Introduction: Agitation in Alzheimer’s dementia (AAD) confers significant humanistic and economic burden; however, factors, and relationships between them, which drive the extent of this burden are poorly understood. The Objectives of this study was to review and gather evidence on the burden of AAD in order to develop a conceptual framework capturing its effects on patients, their families, clinicians (i.e., care teams), and society, which can then be used to guide further research into how the burden of AAD might be reduced.
Methods: Evidence on the burden of AAD was identified via a targeted literature review. Data were classified into societal, patient/family/care team, and mitigating factors. A conceptual framework (i.e., a visual representation of variables and associations between them) was developed to map the relationships between factors and illustrate the precedents and downstream effects of agitated behaviors on patient and caregiver outcomes, including healthcare resource utilization (HCRU), costs, and admission to long term care(LTC).

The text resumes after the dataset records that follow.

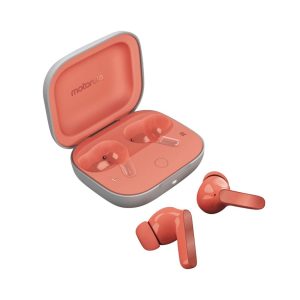 Motorola Moto Buds Wireless Earbuds Coral Peach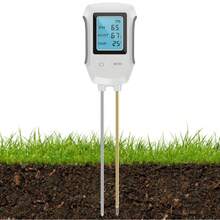 Medidor de Humedad del Suelo, Medidor de Humedad de Plantas 3 en 1, Probador de Temperatura y PH, Sensor Higrómetro de Probador de Suelo, Herramienta de Jardinería - A - Ver 8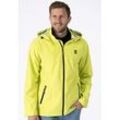 Softshelljacke LPO "ELLIOT PEAK V MEN", Herren, Gr. L (52), grün (lime), 96% Polyester; 4% Elasthan, sportlich, Langarm mit Gummizug, Jacken, auch in Großen Größen erhältlich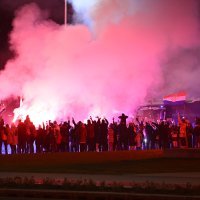 Autobus s Vatrenima na ulicama Zagreba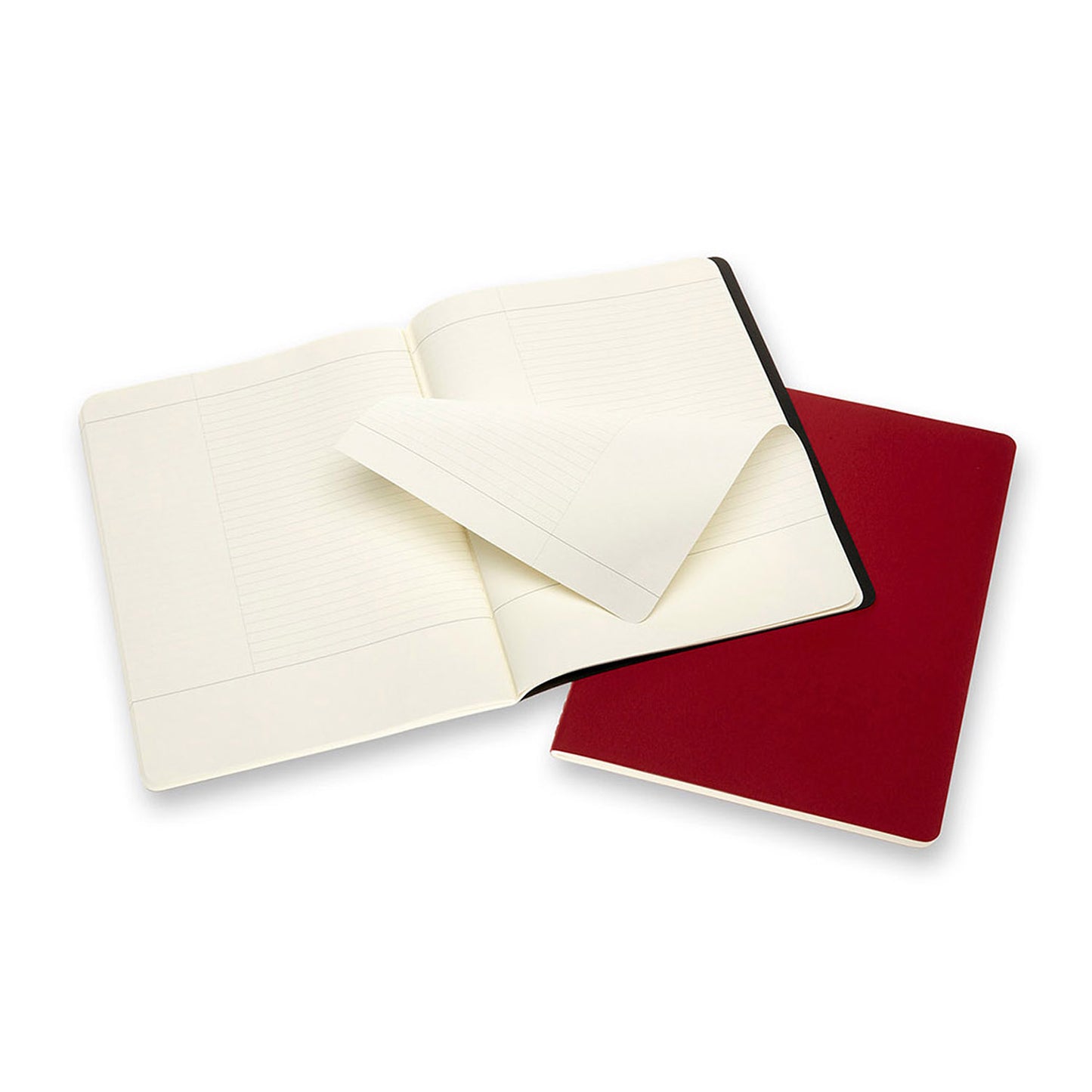 Subject Cahier Extra Large Black & Cranberry Red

Results: Agitated behaviors were found to directly impact caregiving demands in terms of the number of hours required to care for patients. Similarly, levels of caregiver stress (i.e., total caregiver burden, personal strain, role strain, and guilt) were found to be associated with the frequency and intensity of AAD. Burden also extended to care teams via increased HCRU (i.e., pharmacy, outpatient, inpatient, and emergency room visits), and consequently costs, relative to non-agitated patients. Indirectly, through caregiving demands, agitation also affected the rate of placement in formal care and LTC, both of which are associated with incremental costs. Evidence also indicated that mitigating factors such as pharmacological treatment could impact the frequency and intensity of agitated behaviors, potentially affecting downstream HCRU and costs. Limited evidence exists on the optimal means of employing such strategies to limit caregiver demands and stress.
Conclusions: This study demonstrated the complex interplay of factors which drive the burden of AAD and the need which exists for novel ways to improve outcomes for those impacted by the disease. Better insight into the mechanism by which agitated behaviors influence caregiver demands and stress could help improve mitigation strategies both within family units and the larger health system.